Gamma-Fe2O3 nanoparticles increase therapeutic efficacy of combination with paclitaxel and anti-ABCG2 monoclonal antibody on multiple myeloma cancer stem cells in mouse model.

Abstract

Cancer stem cells (CSCs) are thought to be responsible for the relapse of multiple myeloma (MM).
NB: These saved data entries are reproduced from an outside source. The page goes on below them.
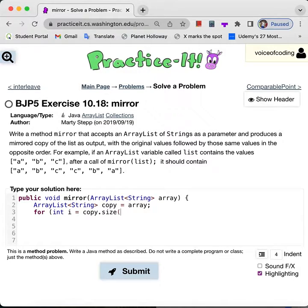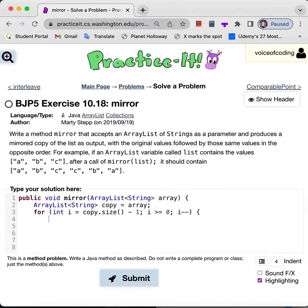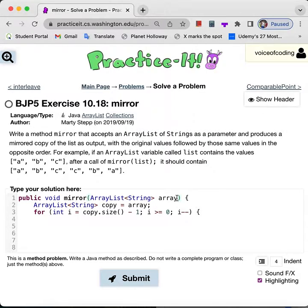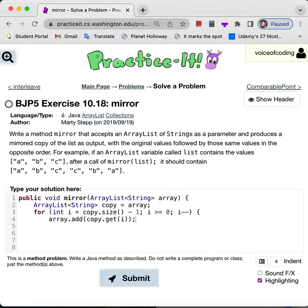I'm starting from the back, looping through the copy array list, which is just the same thing as the array that we're getting in. What I want to do is take each of these elements at the ith term in the copy and add it to the end of our original array list, called array. So we do array.add and then copy.get the element at the ith term. And that should be it.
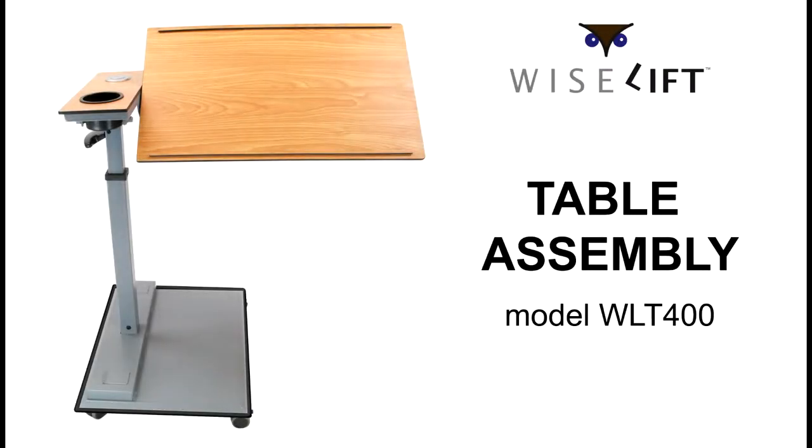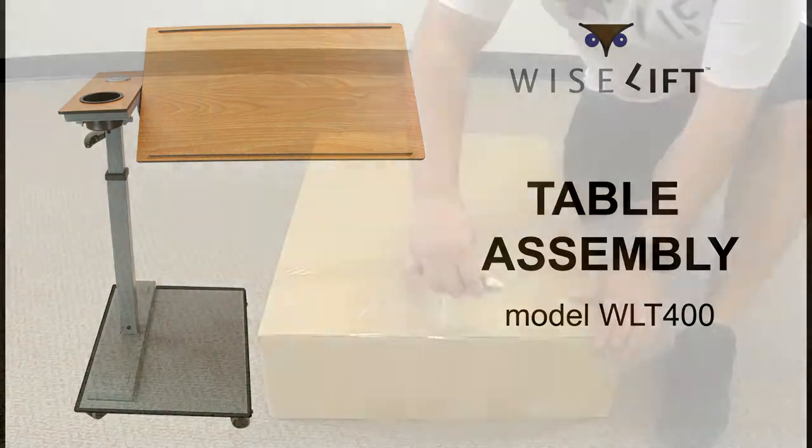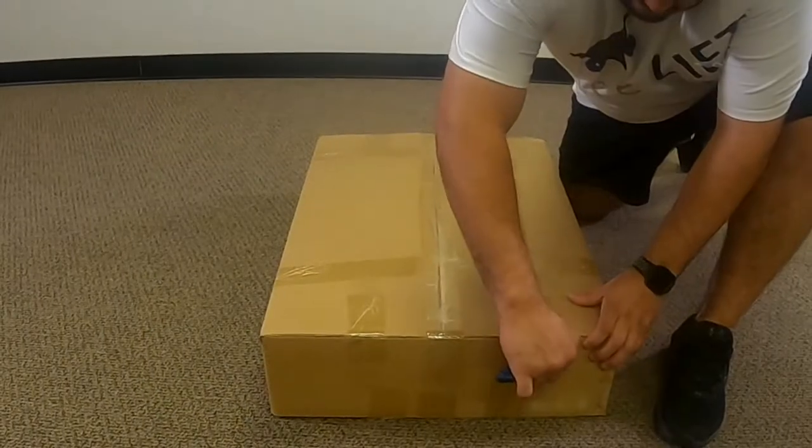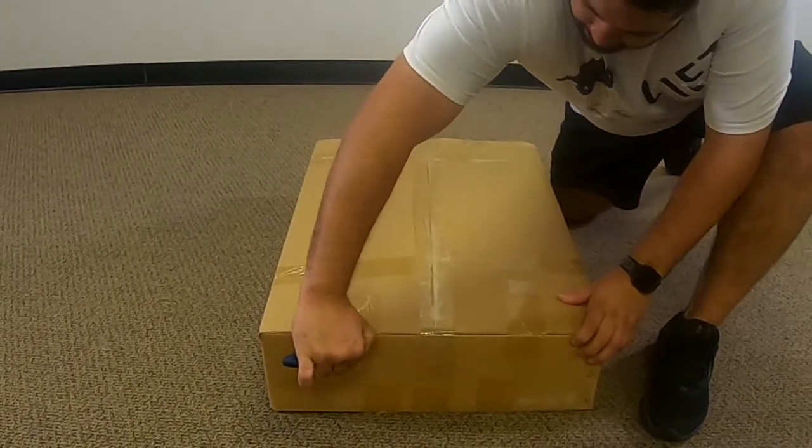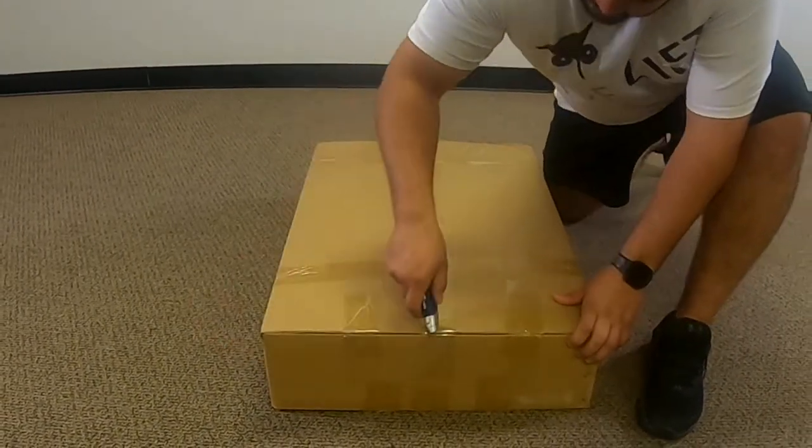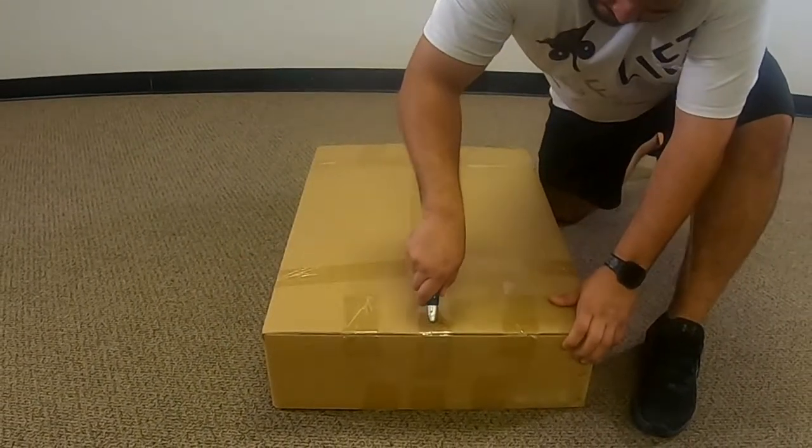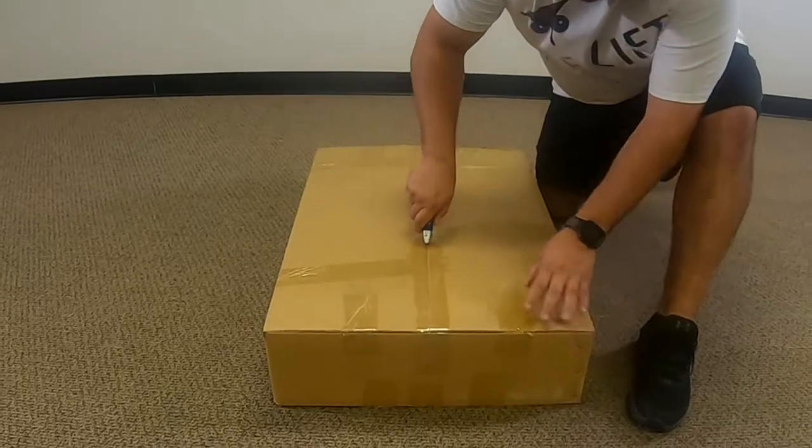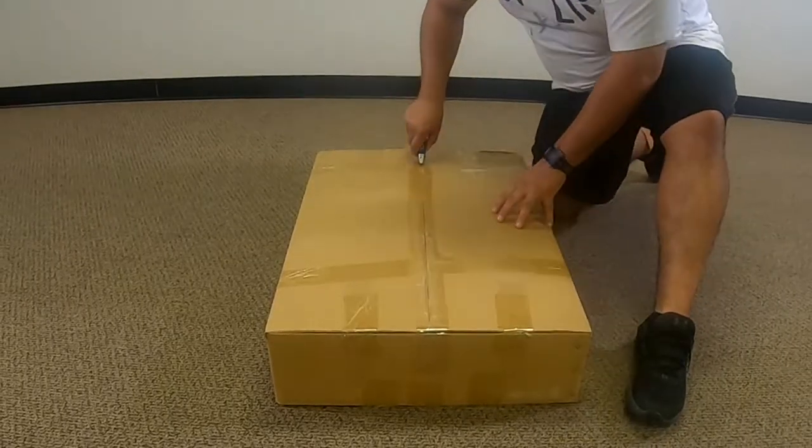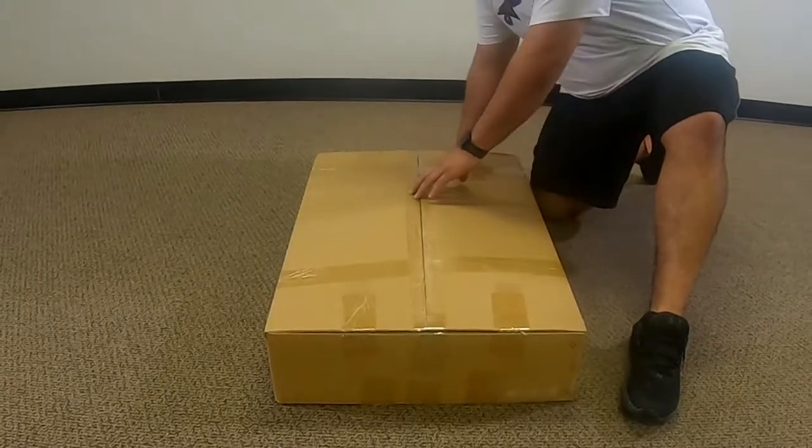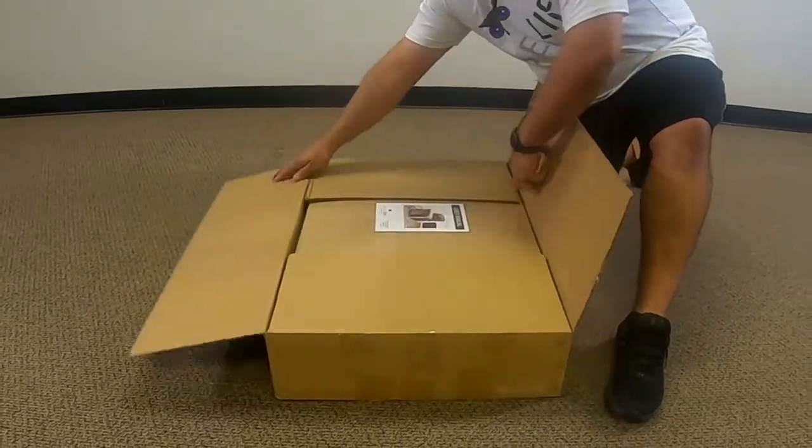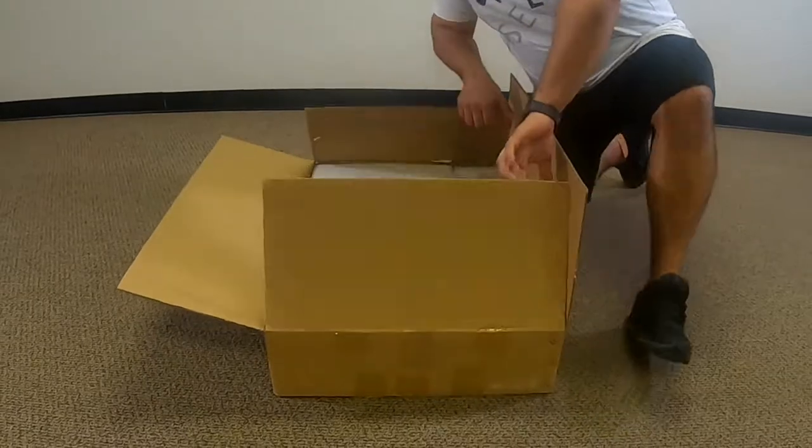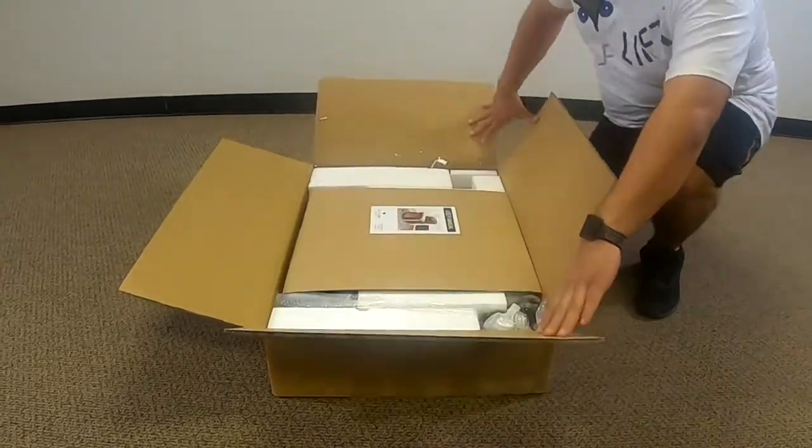Now that you have received your Wiselift table, it's time to assemble it. Use a short bladed knife to cut along the seams of the box. To avoid damaging the contents, do not use a long bladed knife. Once you have removed all of the components, check to make sure all items are included.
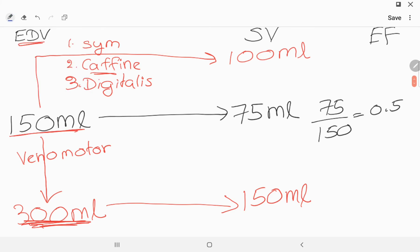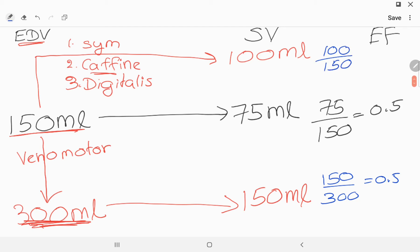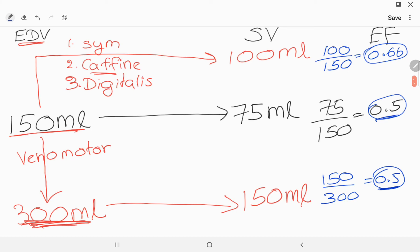If we calculate the ejection fraction for these two conditions: in the venomotor scenario we get 0.5, and in the positive inotropic scenario we get 0.66. So looking at the ejection fractions — in the first condition the stroke volume increased proportional to the end-diastolic volume, because the muscle fiber length increased due to the stretch of the ventricle.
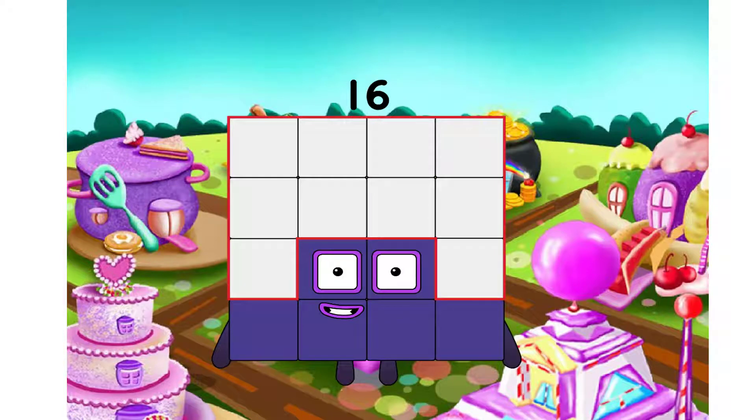Hello everyone. Today we will learn about the lesson with numbers in addition and subtraction. Let's get started together.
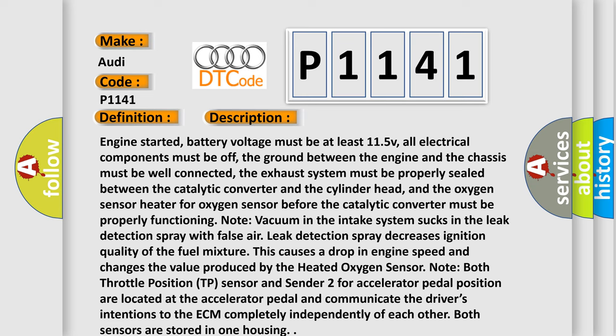The exhaust system must be properly sealed between the catalytic converter and the cylinder head, and the oxygen sensor heater for oxygen sensor before the catalytic converter must be properly functioning.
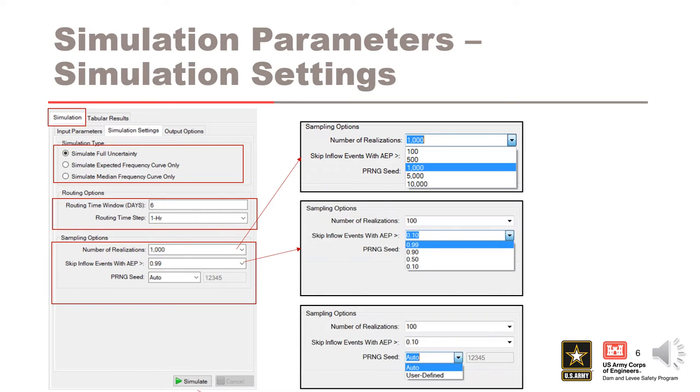Finally, the PRNG seed is a number used to initialize the pseudo-random number generator in the stochastic simulation. The auto setting creates a default seed of 1, 2, 3, 4, 5. The user can define a new PRNG seed if desired.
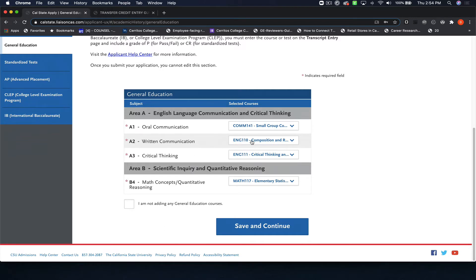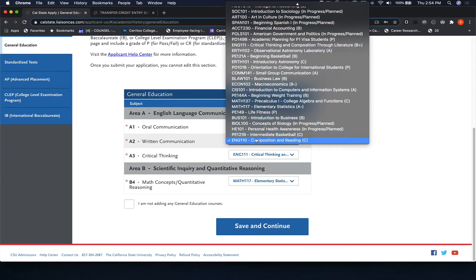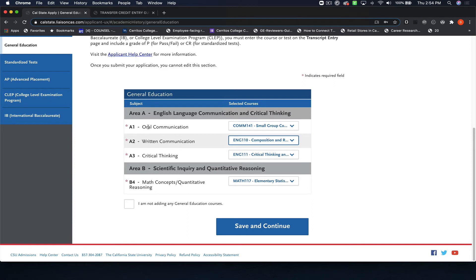If you have classes that did not populate, you'll be able to pull them from a long list of classes. If you're not sure about which class meets oral communication requirement, written communication, critical thinking, or math, you can ask a counselor at the school that you attended.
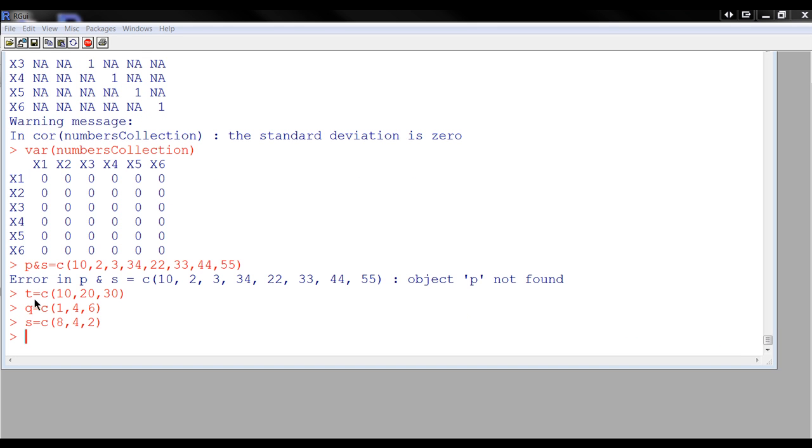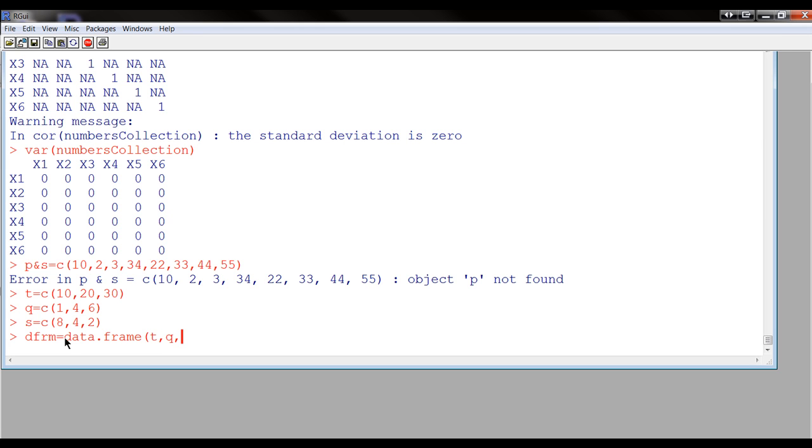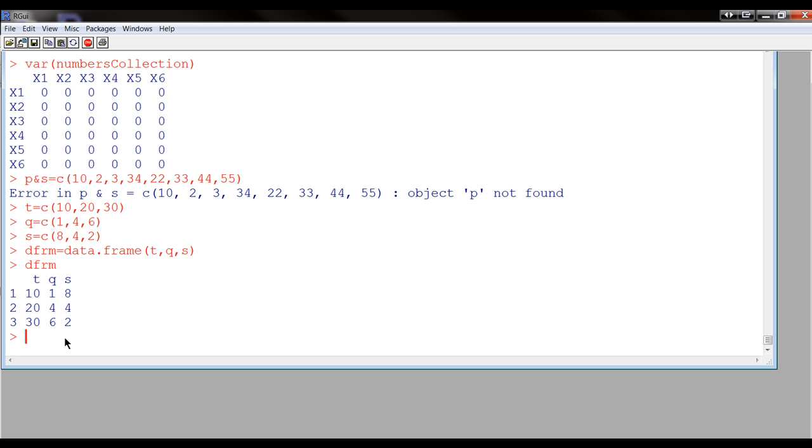So suppose we have t, q, and s as three vectors. We can combine them using this, so we do t, q, s like that. You can take some columns or some vectors and combine them, and notice that they become columns.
The objective of this study was to target therapy of MM cancer stem cells using gamma-Fe2O3@DMSA magnetic nanoparticle combination with paclitaxel and anti-ABCG2 monoclonal antibody, and to evaluate the combined therapeutic efficacy. CSCs were isolated from human MM cell line RPMI 8226 based on negative expression of CD138 and CD34. In vivo and in vitro studies demonstrated that the isolated CD138-CD34- cells displayed certain stem cell characteristics, including significant increase in expression of ABCG2 transporter, proliferation, mobility, drug resistance, clonogenic potential in soft agar media and tumorigenecity in mice. Treatment with nanoparticles, paclitaxel and anti-ABCG2 antibody remarkably inhibited the growth of CD138-CD34- cells in vitro and their derived tumors in xenografts. The inhibition was also correlated with elevated expression of caspase-9, caspase-8 and caspase-3, and down-regulation of NF-KB. Our data indicate that the nanoparticle combination with paclitaxel and anti-ABCG2 monoclonal antibody offers an effective approach to treatment of MM CSCs through an apoptotic pathway.